** Work required **
Word for word, copy out the data below, omitting pictures.

** Provided material **
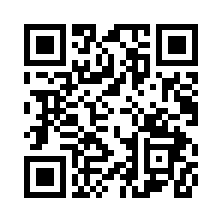 QR Code for 1opt3cebVuAvVRXXnHDA1ZoWFzae2wB4b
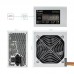 FUENTE TOOQ TQEP-500SSE-O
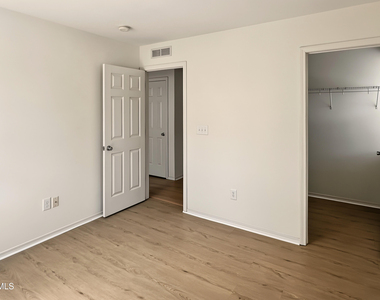 5417 Black Maple Drive - Photo Thumbnail 21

** Reply to the task **
 QR Code for 1opt3cebVuAvVRXXnHDA1ZoWFzae2wB4b
 FUENTE TOOQ TQEP-500SSE-O
 5417 Black Maple Drive - Photo Thumbnail 21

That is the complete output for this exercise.